## What is required
Take the records below and extract, word for word, the lines from the one containing "Company Store King" through the final line, inclusive. Omit pictures.

## Material for this exercise
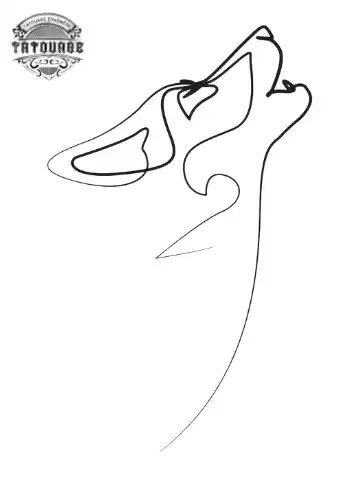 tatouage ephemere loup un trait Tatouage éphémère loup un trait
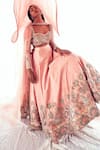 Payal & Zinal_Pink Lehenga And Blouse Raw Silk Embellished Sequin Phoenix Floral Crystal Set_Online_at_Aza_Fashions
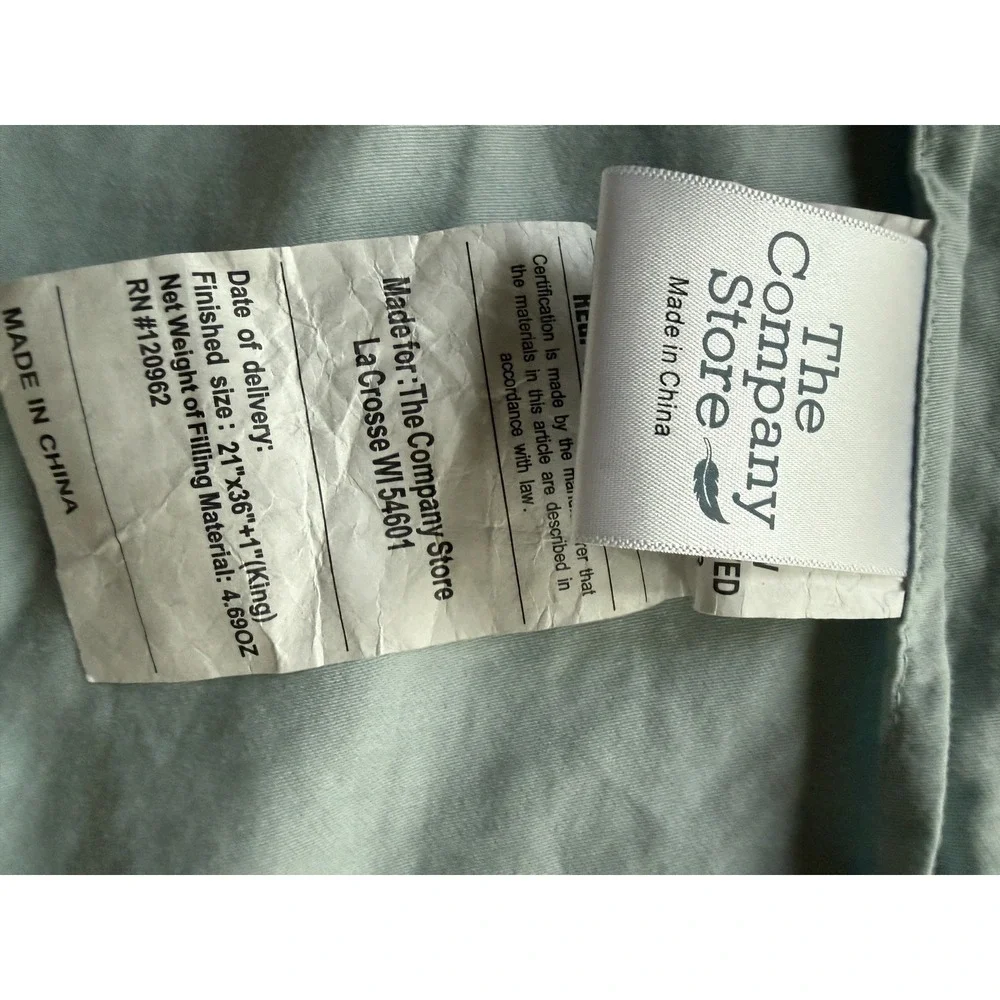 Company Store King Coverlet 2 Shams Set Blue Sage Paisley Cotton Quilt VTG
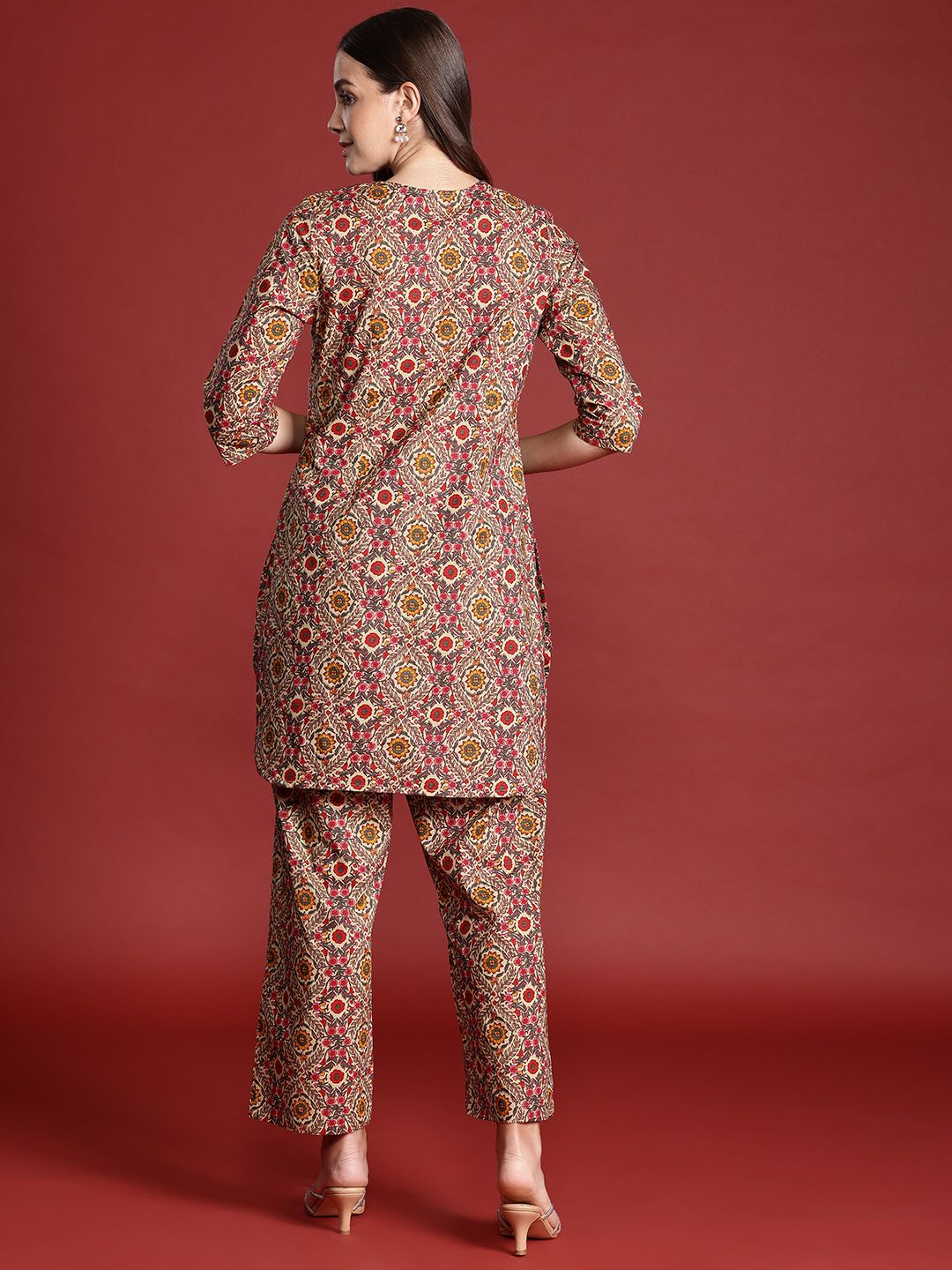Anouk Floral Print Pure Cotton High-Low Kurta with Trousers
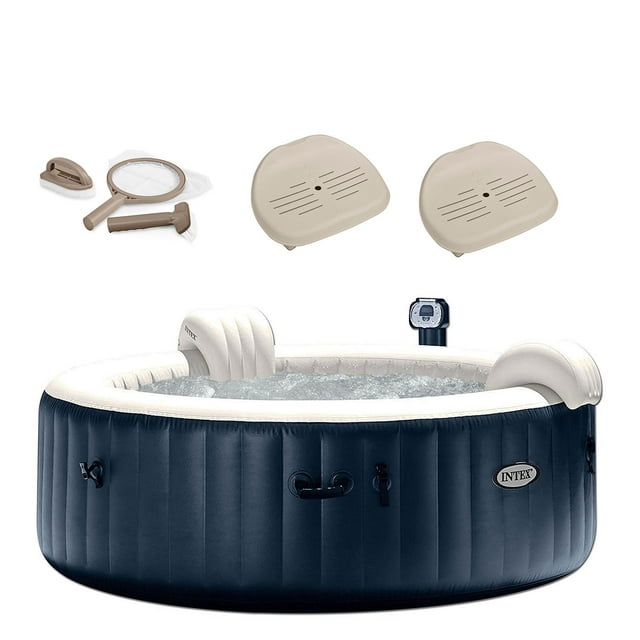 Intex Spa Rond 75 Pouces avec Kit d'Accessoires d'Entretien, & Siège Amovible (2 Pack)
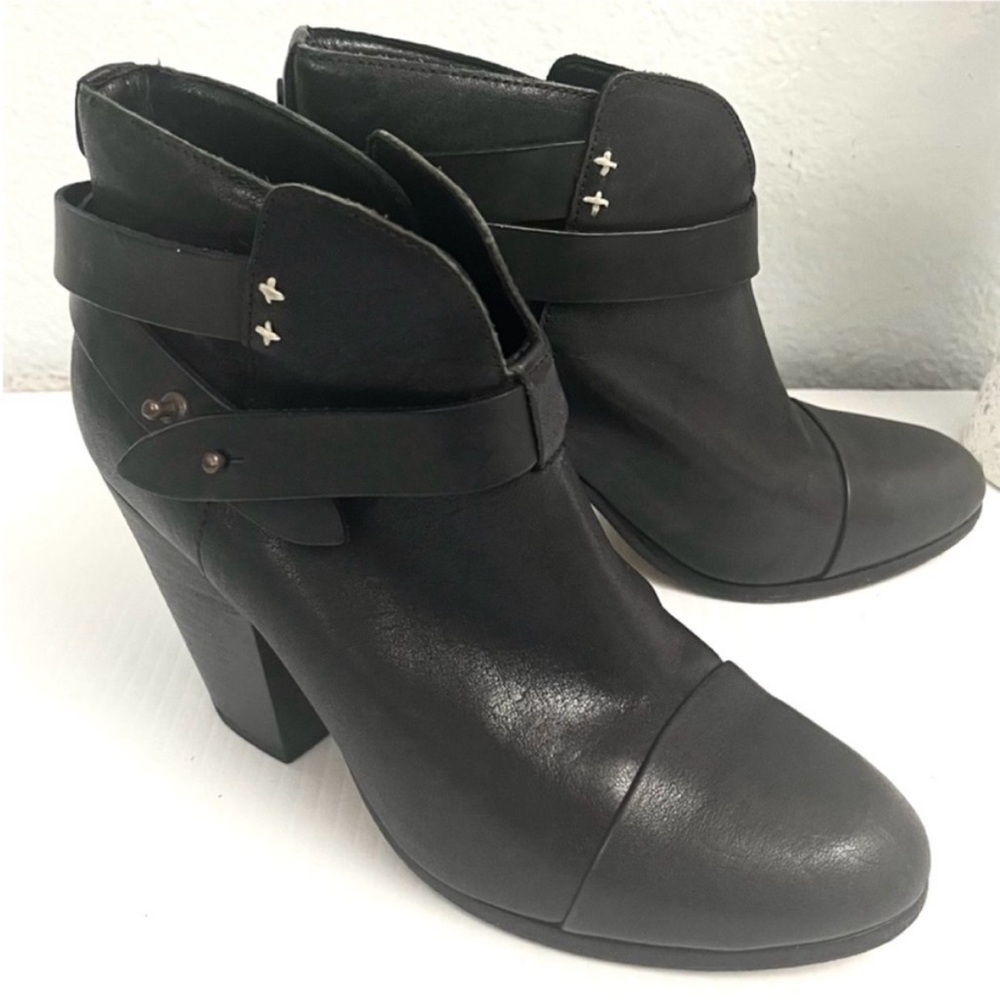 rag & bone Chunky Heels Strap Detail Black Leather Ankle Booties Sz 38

## Written solution
 Company Store King Coverlet 2 Shams Set Blue Sage Paisley Cotton Quilt VTG
Anouk Floral Print Pure Cotton High-Low Kurta with Trousers
 Intex Spa Rond 75 Pouces avec Kit d'Accessoires d'Entretien, & Siège Amovible (2 Pack)
 rag & bone Chunky Heels Strap Detail Black Leather Ankle Booties Sz 38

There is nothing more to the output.